Since words in the gensim model are in the form 'word_LEMM', and in FB15 they are in 'm/id' form, to compute similarity we need to convert m/id to 'word_LEMM'.  
The file `mid2name.tsv` provides mapping from 'm/id' to 'word'. Apparently most words in FB15 are proper nouns, so we are going to convert  each m/id to 'word_PROPN'.

To this end, we simply add '\_PROPN' to every word in `mid2name.tsv`. Blank spaces should also be replaced with '::'. The function `convert_to_wiki_form` makes these changes for each given input word. 

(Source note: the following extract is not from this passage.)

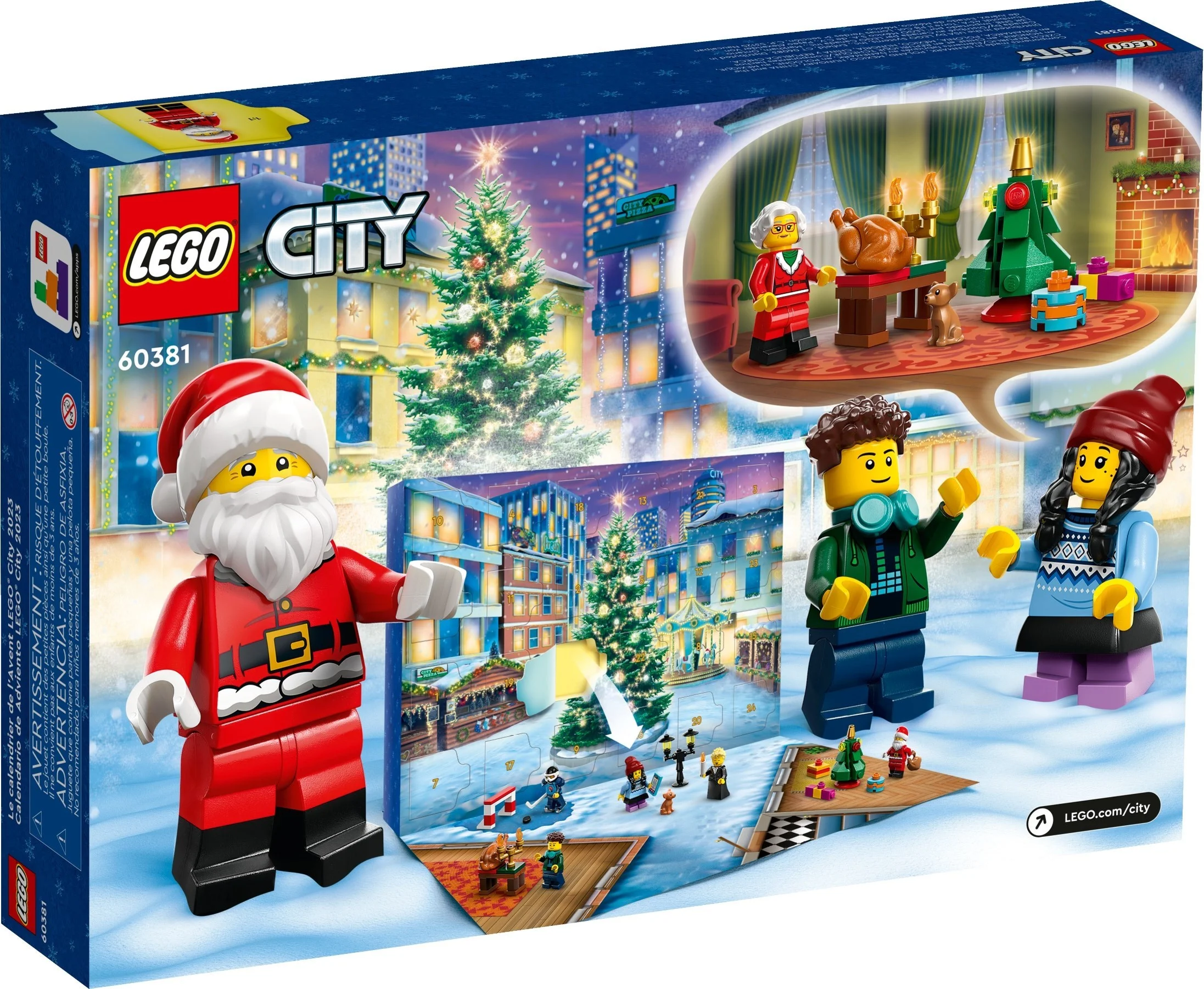 LEGO® 60381 Kalendarz adwentowy świąteczny Lego City 24 niespodzianki! - zdjęcie 3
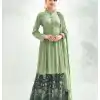 Latest Green Color Georgette With Embroidery Work Sharara Suit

Note that there are many duplicates in `mid2name.tsv`. The data is loaded into a data frame and the duplicates are dropped, keeping only the first instance for each mid. Then a dictionary is created mapping mids to word_LEMMs. 

Using this dictionary we can later map every entity `ent_i` to a lemmatized word `ent_LEMM_i` and then compare it with another by `wiki_w2v.similarity(ent_lemm_i,ent_lemm_j)`. We also need a threshold to compare this quantity with.

In [92]:
df = pd.read_csv('./FB15K/mid2name.tsv', sep='\t', header=None, names=['mid','word']) 

In [240]:
df.loc[df['mid'] == '/m/027rn']  # It has many duplicates

Unnamed: 0,mid,word
3403,/m/027rn,Dominican Republic


In [94]:
# dropping ALL duplicte values 
df.drop_duplicates(subset ="mid", 
                     keep = 'first', inplace = True) 


df.loc[df['mid'] == '/m/027rn']


Unnamed: 0,mid,word
3403,/m/027rn,Dominican Republic


In [None]:
def convert_to_wiki_form(ent: str):
    ent = ent.replace(' ', '::')
    ent = ent + '_PROPN'
    return ent

In [95]:
#file.head()
keys = list(df['mid'])
mapping = list(df['word'])
mapp_lemm = [convert_to_wiki_form(str(w)) for w in mapping] # words lemmatized

In [112]:
mapping_dict = dict(zip(keys,mapp_lemm))

In [113]:
mapping_dict['/m/027rn']

'Dominican::Republic_PROPN'

--------

## Read entity2id.txt and create the similarity matrix/data frame. 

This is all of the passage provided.